GNOME Bugzilla – Bug 149982
gweather locations need non-ASCII in their names
Last modified: 2005-01-09 08:03:52 UTC
It seems all the English names in the gweather po-locations are ASCII-only. This isn't really helpful, since the names of many locations are really only known by their proper names, not their ASCII-mangled counterparts. ASCII-only names don't help translators, since the translator of language A rarely would realize the proper name for obscure airport Z in country B after the name has been mangled though an ASCII-only filter. As an example, the Swedish rather small city "Trollhättan" should most likely be spelled the same way in German. It's however unlikely that a German translator realizes this though if the name is mangled to "Trollhattan". I would argue that ASCII-only names here don't even help English-speaking people, since if they are looking for a small airport, they'll be a lot more successful using it's proper name (if they don't have access to the code). I don't know if something like this would be possible: <location code="ESIB" name="Satenas"> <!-- ESIB Satenas --> <_name>Såtenäs</_name> </location> This would still allow the entry to be accessed both by code and by (ASCII) name, while still give translators a big hint to be able to translate it correctly. Also, "en_US" or "C" users will benefit from having the names properly spelled.

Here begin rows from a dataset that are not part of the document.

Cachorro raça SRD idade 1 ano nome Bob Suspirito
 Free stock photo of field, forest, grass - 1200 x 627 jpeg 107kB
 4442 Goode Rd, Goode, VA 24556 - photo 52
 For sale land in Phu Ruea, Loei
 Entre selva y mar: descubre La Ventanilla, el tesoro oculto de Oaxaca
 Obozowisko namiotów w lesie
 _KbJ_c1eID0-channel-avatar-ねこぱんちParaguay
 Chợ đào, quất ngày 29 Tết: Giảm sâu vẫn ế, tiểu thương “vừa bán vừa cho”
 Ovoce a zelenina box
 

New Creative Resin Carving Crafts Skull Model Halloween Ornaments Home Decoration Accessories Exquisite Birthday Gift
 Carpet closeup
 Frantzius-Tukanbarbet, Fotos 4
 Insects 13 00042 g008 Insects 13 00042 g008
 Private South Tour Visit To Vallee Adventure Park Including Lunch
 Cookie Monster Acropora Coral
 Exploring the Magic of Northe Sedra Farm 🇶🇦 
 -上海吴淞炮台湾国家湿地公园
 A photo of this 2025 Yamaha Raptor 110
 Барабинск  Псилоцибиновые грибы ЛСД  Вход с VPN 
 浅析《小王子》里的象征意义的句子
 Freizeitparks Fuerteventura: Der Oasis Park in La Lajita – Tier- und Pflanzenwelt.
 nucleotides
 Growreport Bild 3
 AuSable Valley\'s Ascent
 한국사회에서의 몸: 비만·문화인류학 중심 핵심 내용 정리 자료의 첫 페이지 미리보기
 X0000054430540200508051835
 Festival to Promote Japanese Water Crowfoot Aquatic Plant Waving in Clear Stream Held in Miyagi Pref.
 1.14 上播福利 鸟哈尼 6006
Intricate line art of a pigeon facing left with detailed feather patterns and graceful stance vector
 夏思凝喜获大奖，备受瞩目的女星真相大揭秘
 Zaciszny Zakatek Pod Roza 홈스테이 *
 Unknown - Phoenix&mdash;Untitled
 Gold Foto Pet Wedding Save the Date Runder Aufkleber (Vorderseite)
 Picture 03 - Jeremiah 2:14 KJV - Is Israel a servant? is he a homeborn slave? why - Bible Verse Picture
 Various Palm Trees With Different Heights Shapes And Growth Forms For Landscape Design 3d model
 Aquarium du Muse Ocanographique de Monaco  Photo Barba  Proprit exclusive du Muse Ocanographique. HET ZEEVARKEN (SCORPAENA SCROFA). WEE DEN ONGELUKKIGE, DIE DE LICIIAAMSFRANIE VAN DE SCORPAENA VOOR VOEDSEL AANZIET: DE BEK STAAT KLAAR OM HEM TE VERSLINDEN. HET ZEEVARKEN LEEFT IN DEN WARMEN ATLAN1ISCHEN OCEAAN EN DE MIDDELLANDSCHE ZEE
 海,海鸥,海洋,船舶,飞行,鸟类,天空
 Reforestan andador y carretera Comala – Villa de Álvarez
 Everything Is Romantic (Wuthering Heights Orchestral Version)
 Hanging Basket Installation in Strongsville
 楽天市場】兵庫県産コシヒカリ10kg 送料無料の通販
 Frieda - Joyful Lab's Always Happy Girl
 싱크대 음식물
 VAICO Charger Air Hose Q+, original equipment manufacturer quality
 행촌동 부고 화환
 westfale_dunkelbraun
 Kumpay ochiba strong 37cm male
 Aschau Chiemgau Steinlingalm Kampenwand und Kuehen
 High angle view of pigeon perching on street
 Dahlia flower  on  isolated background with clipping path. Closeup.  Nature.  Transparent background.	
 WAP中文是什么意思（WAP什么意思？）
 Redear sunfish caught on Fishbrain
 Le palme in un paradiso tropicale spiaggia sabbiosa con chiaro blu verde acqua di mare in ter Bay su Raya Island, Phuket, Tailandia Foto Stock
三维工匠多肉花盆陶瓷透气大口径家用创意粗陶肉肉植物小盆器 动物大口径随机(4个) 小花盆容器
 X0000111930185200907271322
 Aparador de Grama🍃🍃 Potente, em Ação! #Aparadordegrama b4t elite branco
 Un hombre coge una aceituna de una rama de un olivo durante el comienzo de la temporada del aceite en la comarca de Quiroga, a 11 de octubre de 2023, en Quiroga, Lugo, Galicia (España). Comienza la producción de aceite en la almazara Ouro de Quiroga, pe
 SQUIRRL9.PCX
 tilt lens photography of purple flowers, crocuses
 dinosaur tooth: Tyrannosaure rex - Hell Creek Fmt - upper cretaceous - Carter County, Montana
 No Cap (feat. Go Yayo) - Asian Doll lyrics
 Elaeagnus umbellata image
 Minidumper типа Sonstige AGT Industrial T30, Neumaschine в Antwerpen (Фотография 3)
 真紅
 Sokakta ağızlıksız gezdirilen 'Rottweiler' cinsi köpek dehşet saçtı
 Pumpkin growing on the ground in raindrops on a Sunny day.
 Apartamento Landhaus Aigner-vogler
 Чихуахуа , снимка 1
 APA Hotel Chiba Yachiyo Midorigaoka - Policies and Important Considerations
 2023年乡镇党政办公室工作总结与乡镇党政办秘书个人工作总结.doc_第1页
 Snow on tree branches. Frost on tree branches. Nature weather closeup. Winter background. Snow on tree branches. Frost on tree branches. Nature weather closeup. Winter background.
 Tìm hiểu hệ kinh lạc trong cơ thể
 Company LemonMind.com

You're so much right! These corrections aren't feasible for 2.8, but 2.10 should really be patched to have sane location descriptors.
Bug 151675 contains a patch with the UTF-8'ified names of the Swedish locations. Perhaps others could contribute similar patches.
In my opinion, Locations.xml.in should contain names the names in en_US, with comments giving the localized name. The translators will then be able to use the name they use in their locale. That said, I want to move the locations database into it's own file anyway, so that all programs will be able use the same location database. Perhaps we can move it to freedesktop.org, so that we can share it with KDE.
Yes, the names should be the en_US ones. After all, we do require all messages to be written using en_US English. As an example, perhaps "Göteborg (Säve)" in my patch should really say "Gothenburg (Säve)", since Gothenburg is the name of the city in English. I mainly used "Göteborg (Säve)" in my patch since currently it says "Goteborg (Save)" which is a city and an airport that doesn't exist. It's either "Göteborg" or "Gothenburg", never "Goteborg". Similarily, the name of the airport is "Säve" and nothing else. If anyone hasn't figured it out already, what I mean is that using the en_US name doesn't mean that the name should always be in ASCII. Some locations have established English names, like "Göteborg"->"Gothenburg" and "München"->"Munich". Then there's no question that the English name should be used, and the original name be a comment only. Many other locations do not have established English names, like "Düsseldorf", "Borlänge", "Växjö", "Umeå" and so on, and then the original name should be used, and no ASCII-munging take place. Of course one might want to limit these names to latin script, so that only latinized versions of locations that are otherwise natively spelled in other scripts like cyrillic, CJB etc. are used. It would be good though if native names in native script still could be added as comments though.
Just found this bug. I have a patch for German cities in Bug 155202 (-> add dependency)
Can't this be closed now that we've had locations love action going for a while?
Yes, I think so.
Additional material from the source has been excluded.